RECORDS SUPPLIED below:

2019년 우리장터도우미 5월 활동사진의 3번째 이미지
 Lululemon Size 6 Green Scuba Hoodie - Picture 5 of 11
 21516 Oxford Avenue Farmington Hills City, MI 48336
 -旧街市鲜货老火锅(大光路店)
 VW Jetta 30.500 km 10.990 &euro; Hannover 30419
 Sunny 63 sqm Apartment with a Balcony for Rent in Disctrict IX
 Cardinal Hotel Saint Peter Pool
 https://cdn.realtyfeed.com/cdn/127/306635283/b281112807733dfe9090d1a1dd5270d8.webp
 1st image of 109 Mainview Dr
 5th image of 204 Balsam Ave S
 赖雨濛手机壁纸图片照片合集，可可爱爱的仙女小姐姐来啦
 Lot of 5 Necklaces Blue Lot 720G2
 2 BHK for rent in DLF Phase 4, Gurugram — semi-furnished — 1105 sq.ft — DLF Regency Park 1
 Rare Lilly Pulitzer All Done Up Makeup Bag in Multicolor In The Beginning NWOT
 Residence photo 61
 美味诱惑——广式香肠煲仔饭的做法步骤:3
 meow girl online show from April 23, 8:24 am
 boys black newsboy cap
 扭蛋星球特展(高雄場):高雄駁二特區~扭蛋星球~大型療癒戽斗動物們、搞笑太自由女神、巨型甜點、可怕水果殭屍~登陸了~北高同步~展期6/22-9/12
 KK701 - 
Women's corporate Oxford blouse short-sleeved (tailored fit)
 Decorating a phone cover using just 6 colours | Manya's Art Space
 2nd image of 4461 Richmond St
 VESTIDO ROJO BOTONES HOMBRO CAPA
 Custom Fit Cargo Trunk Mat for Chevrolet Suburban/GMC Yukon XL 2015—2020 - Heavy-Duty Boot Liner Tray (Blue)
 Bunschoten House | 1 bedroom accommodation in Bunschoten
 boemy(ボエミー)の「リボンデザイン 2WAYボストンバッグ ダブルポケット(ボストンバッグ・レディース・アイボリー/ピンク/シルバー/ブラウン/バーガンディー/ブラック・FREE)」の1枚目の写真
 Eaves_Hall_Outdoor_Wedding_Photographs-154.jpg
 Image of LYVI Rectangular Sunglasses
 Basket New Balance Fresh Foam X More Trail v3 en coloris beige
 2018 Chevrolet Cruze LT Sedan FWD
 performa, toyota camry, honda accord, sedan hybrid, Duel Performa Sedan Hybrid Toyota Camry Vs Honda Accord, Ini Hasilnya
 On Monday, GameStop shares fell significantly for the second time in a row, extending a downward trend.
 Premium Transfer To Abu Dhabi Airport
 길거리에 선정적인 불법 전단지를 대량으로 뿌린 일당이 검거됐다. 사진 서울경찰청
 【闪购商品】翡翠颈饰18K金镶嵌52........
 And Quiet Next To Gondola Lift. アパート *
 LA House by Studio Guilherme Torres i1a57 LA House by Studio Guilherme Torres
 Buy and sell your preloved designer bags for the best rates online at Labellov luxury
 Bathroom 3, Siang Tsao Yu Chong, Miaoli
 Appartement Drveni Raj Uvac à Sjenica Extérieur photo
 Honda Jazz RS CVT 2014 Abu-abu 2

End of RECORDS SUPPLIED.

What you should do is return the records above exactly, leaving nothing out.

**YOUR RESPONSE**
2019년 우리장터도우미 5월 활동사진의 3번째 이미지
 Lululemon Size 6 Green Scuba Hoodie - Picture 5 of 11
 21516 Oxford Avenue Farmington Hills City, MI 48336
 -旧街市鲜货老火锅(大光路店)
 VW Jetta 30.500 km 10.990 &euro; Hannover 30419
 Sunny 63 sqm Apartment with a Balcony for Rent in Disctrict IX
 Cardinal Hotel Saint Peter Pool
 https://cdn.realtyfeed.com/cdn/127/306635283/b281112807733dfe9090d1a1dd5270d8.webp
 1st image of 109 Mainview Dr
 5th image of 204 Balsam Ave S
 赖雨濛手机壁纸图片照片合集，可可爱爱的仙女小姐姐来啦
 Lot of 5 Necklaces Blue Lot 720G2
 2 BHK for rent in DLF Phase 4, Gurugram — semi-furnished — 1105 sq.ft — DLF Regency Park 1
 Rare Lilly Pulitzer All Done Up Makeup Bag in Multicolor In The Beginning NWOT
 Residence photo 61
 美味诱惑——广式香肠煲仔饭的做法步骤:3
 meow girl online show from April 23, 8:24 am
 boys black newsboy cap
 扭蛋星球特展(高雄場):高雄駁二特區~扭蛋星球~大型療癒戽斗動物們、搞笑太自由女神、巨型甜點、可怕水果殭屍~登陸了~北高同步~展期6/22-9/12
 KK701 - 
Women's corporate Oxford blouse short-sleeved (tailored fit)
 Decorating a phone cover using just 6 colours | Manya's Art Space
 2nd image of 4461 Richmond St
 VESTIDO ROJO BOTONES HOMBRO CAPA
 Custom Fit Cargo Trunk Mat for Chevrolet Suburban/GMC Yukon XL 2015—2020 - Heavy-Duty Boot Liner Tray (Blue)
 Bunschoten House | 1 bedroom accommodation in Bunschoten
 boemy(ボエミー)の「リボンデザイン 2WAYボストンバッグ ダブルポケット(ボストンバッグ・レディース・アイボリー/ピンク/シルバー/ブラウン/バーガンディー/ブラック・FREE)」の1枚目の写真
 Eaves_Hall_Outdoor_Wedding_Photographs-154.jpg
 Image of LYVI Rectangular Sunglasses
 Basket New Balance Fresh Foam X More Trail v3 en coloris beige
 2018 Chevrolet Cruze LT Sedan FWD
 performa, toyota camry, honda accord, sedan hybrid, Duel Performa Sedan Hybrid Toyota Camry Vs Honda Accord, Ini Hasilnya
 On Monday, GameStop shares fell significantly for the second time in a row, extending a downward trend.
 Premium Transfer To Abu Dhabi Airport
 길거리에 선정적인 불법 전단지를 대량으로 뿌린 일당이 검거됐다. 사진 서울경찰청
 【闪购商品】翡翠颈饰18K金镶嵌52........
 And Quiet Next To Gondola Lift. アパート *
 LA House by Studio Guilherme Torres i1a57 LA House by Studio Guilherme Torres
 Buy and sell your preloved designer bags for the best rates online at Labellov luxury
 Bathroom 3, Siang Tsao Yu Chong, Miaoli
 Appartement Drveni Raj Uvac à Sjenica Extérieur photo
 Honda Jazz RS CVT 2014 Abu-abu 2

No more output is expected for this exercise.